**The problem**
Line by line, repeat the material below exactly and skip the images.

**The data**
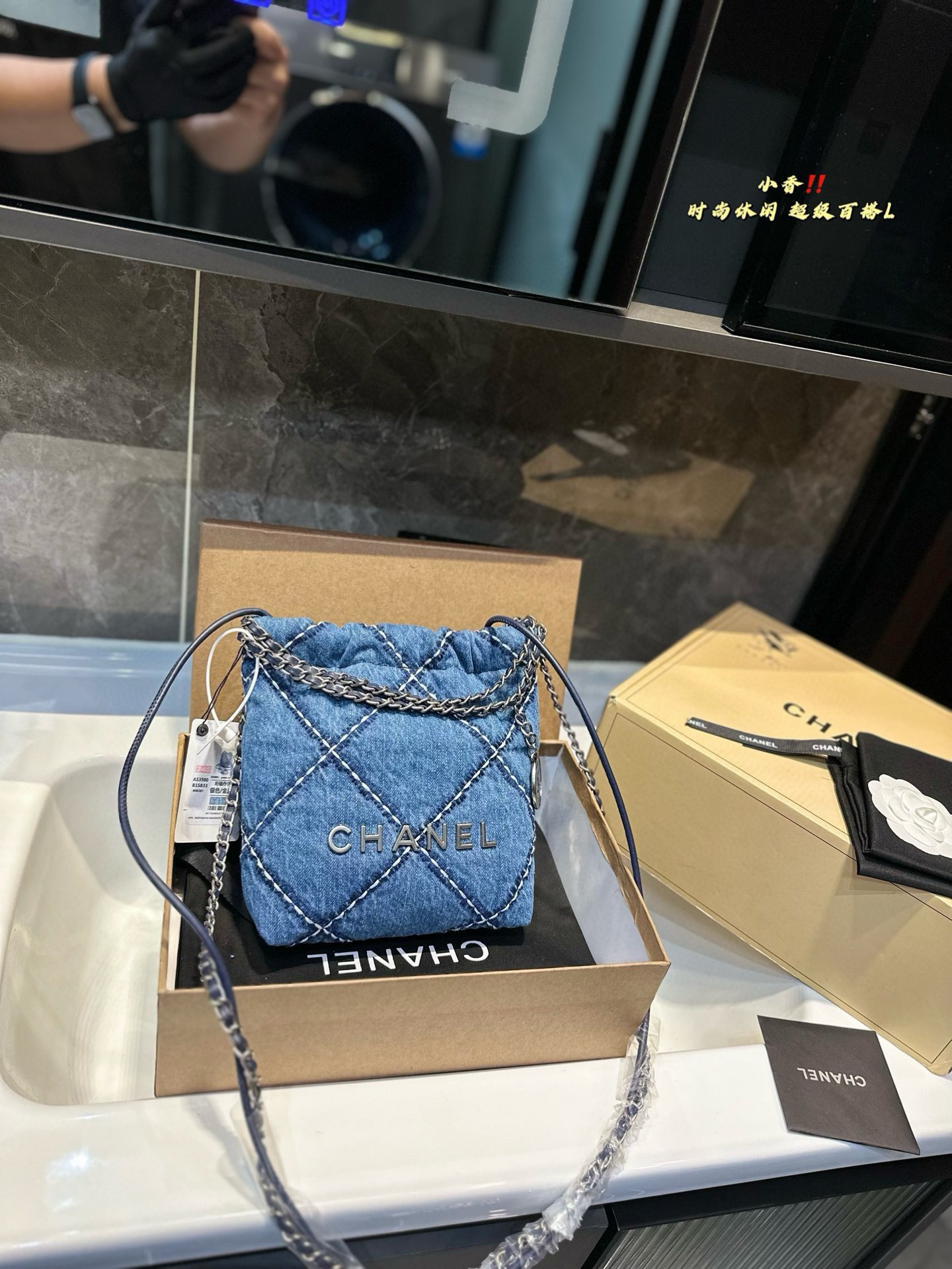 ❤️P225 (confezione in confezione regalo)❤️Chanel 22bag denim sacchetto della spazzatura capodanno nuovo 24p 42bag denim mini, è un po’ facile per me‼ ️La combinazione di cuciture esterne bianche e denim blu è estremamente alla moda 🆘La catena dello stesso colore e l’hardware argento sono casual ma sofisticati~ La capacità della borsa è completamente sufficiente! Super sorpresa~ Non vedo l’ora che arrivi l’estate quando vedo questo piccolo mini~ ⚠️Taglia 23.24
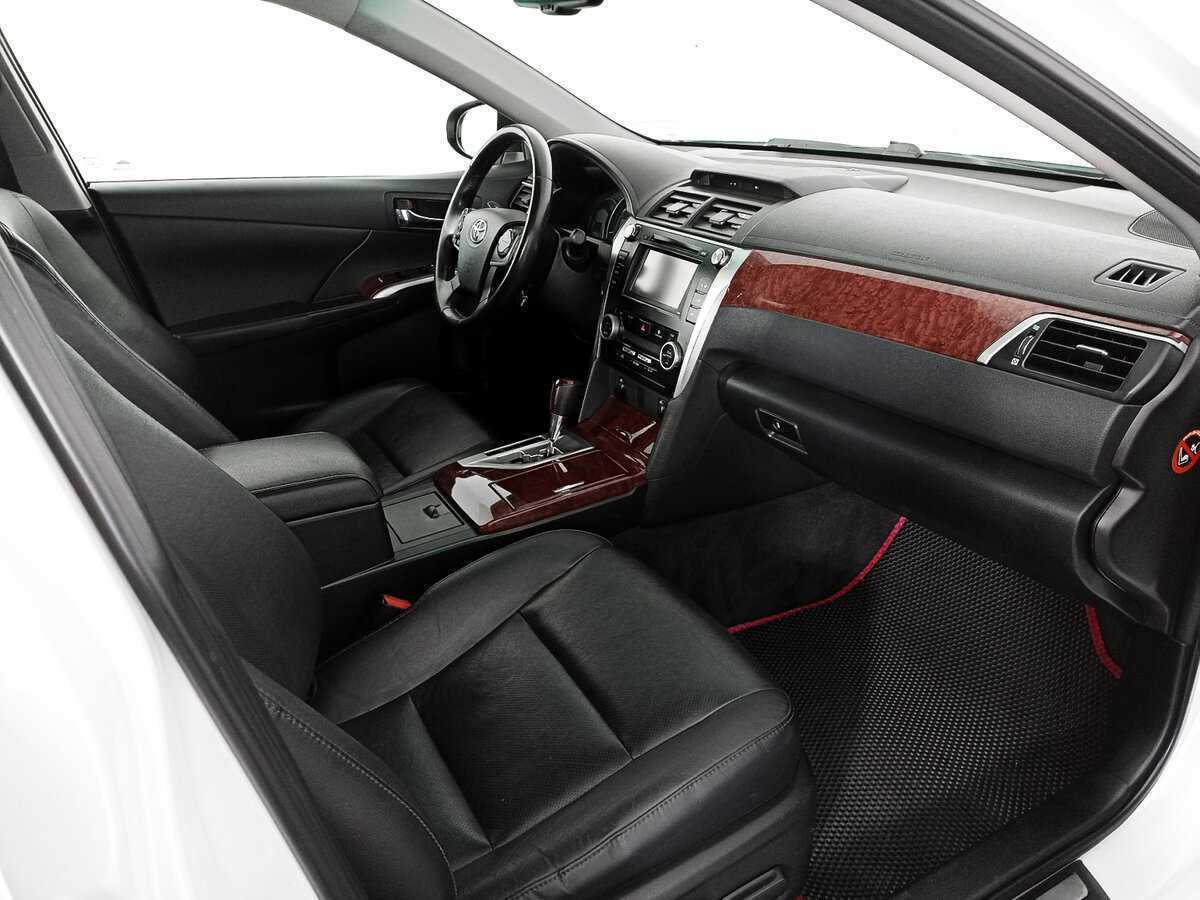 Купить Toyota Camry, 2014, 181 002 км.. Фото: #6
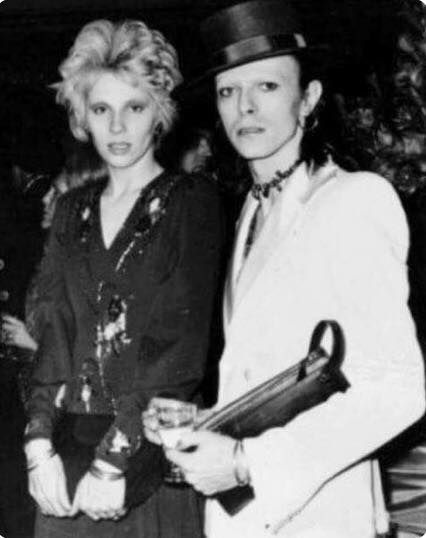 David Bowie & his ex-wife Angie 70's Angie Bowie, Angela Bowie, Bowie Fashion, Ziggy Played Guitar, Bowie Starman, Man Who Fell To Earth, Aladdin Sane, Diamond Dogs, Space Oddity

**Your solution**
 ❤️P225 (confezione in confezione regalo)❤️Chanel 22bag denim sacchetto della spazzatura capodanno nuovo 24p 42bag denim mini, è un po’ facile per me‼ ️La combinazione di cuciture esterne bianche e denim blu è estremamente alla moda 🆘La catena dello stesso colore e l’hardware argento sono casual ma sofisticati~ La capacità della borsa è completamente sufficiente! Super sorpresa~ Non vedo l’ora che arrivi l’estate quando vedo questo piccolo mini~ ⚠️Taglia 23.24
 Купить Toyota Camry, 2014, 181 002 км.. Фото: #6
 David Bowie & his ex-wife Angie 70's Angie Bowie, Angela Bowie, Bowie Fashion, Ziggy Played Guitar, Bowie Starman, Man Who Fell To Earth, Aladdin Sane, Diamond Dogs, Space Oddity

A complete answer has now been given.